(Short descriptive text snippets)
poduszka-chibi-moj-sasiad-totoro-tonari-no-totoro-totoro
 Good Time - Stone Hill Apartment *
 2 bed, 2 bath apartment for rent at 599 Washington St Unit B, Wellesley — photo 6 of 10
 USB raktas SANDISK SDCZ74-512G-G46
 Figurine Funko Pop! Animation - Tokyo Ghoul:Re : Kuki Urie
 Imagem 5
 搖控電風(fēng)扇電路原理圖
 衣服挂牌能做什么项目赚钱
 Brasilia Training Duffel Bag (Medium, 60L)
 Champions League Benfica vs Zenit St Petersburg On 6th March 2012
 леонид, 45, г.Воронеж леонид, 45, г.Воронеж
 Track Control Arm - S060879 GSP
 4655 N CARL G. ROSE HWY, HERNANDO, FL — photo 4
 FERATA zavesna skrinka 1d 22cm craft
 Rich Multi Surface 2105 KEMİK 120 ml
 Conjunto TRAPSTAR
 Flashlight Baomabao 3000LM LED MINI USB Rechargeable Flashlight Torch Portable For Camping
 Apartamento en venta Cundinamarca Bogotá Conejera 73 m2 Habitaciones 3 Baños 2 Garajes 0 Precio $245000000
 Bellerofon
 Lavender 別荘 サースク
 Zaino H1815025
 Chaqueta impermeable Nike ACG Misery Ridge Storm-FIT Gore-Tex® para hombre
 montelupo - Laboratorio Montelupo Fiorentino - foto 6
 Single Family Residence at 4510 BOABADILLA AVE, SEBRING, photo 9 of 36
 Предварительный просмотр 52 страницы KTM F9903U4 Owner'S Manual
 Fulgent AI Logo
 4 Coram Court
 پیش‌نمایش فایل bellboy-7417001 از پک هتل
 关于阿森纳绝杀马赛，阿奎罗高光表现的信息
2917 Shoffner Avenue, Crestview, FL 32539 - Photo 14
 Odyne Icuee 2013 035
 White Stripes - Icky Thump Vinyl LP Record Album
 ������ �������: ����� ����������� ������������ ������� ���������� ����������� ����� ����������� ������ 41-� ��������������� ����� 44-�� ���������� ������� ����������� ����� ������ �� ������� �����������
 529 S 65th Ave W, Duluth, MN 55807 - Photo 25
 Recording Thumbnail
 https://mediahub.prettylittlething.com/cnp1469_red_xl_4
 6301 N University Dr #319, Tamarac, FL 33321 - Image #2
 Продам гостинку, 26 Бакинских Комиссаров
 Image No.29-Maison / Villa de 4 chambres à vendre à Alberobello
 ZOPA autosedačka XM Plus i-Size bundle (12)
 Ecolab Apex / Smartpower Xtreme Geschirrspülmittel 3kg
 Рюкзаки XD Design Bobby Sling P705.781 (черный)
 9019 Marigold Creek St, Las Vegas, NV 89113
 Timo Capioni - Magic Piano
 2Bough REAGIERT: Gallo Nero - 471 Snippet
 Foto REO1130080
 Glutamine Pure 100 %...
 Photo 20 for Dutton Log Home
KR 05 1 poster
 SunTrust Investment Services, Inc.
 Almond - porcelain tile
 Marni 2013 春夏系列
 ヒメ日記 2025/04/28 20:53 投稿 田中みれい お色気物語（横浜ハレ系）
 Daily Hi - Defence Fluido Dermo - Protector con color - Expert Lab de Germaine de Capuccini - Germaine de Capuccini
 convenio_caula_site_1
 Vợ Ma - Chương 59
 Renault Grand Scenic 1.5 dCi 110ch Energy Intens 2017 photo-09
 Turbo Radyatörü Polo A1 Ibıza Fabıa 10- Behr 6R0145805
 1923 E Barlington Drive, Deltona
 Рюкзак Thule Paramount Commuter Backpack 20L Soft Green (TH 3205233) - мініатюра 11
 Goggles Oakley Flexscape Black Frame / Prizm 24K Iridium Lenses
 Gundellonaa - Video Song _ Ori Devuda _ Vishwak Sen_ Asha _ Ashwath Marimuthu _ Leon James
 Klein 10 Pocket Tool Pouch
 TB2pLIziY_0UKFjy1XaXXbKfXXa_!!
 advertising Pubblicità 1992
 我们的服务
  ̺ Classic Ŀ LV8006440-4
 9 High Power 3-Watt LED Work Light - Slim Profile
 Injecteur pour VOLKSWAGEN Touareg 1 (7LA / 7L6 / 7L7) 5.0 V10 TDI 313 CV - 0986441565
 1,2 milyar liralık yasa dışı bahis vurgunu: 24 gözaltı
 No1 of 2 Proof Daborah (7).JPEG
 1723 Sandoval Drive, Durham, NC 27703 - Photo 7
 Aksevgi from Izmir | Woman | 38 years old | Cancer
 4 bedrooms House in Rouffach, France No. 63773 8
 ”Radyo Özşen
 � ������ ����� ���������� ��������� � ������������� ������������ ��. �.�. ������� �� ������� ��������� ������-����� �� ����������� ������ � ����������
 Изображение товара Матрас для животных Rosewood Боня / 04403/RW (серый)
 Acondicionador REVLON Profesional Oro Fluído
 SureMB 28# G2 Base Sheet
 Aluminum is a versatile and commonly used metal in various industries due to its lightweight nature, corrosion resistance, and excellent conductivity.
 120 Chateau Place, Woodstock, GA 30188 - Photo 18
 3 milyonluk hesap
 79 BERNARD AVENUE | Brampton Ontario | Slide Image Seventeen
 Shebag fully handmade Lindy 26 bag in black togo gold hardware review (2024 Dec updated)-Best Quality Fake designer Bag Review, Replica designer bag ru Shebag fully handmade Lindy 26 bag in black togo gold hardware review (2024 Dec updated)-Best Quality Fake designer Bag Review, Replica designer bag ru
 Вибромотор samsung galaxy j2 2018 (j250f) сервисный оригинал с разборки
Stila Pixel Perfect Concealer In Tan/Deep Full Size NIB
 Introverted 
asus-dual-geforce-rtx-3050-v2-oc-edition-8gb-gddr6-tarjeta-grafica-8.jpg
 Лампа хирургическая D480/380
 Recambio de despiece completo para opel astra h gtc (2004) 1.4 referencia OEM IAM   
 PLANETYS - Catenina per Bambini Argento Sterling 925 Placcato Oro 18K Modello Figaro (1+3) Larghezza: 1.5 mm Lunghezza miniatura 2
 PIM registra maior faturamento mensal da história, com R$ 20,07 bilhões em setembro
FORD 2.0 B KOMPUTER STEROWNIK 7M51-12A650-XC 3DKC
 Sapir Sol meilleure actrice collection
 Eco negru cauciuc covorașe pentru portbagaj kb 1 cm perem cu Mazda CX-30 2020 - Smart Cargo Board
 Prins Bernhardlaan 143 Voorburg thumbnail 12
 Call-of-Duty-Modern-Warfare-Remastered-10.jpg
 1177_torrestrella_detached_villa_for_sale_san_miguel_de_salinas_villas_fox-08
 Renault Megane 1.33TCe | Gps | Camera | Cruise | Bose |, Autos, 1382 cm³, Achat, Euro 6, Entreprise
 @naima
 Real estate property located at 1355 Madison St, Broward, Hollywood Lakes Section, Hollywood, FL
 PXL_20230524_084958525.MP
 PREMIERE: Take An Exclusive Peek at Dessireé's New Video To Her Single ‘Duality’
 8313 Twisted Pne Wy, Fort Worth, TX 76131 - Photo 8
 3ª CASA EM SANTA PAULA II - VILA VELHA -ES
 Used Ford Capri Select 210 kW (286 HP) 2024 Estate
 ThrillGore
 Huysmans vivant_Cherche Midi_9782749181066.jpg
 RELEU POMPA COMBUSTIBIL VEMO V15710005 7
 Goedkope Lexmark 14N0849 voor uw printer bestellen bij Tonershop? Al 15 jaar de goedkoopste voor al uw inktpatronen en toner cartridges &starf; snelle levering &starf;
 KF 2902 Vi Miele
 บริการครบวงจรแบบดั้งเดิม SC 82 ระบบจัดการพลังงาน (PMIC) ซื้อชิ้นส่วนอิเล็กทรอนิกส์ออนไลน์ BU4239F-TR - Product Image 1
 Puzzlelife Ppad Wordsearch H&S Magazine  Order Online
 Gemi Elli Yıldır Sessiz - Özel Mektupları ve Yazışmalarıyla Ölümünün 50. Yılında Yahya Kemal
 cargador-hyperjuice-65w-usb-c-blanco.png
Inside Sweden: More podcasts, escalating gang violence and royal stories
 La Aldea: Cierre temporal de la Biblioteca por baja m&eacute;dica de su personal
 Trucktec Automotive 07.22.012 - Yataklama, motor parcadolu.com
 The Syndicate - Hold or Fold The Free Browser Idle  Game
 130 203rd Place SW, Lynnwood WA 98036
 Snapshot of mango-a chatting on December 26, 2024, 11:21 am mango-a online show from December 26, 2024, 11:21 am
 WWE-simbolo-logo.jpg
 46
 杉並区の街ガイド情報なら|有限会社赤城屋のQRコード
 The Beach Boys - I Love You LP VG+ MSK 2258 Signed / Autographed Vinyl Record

### [WORK REQUIRED]
Find the word "Single" in the entries. Copy each line that holds it.

### [RESPONSE TO THIS EXERCISE]
 Single Family Residence at 4510 BOABADILLA AVE, SEBRING, photo 9 of 36
 PREMIERE: Take An Exclusive Peek at Dessireé's New Video To Her Single ‘Duality’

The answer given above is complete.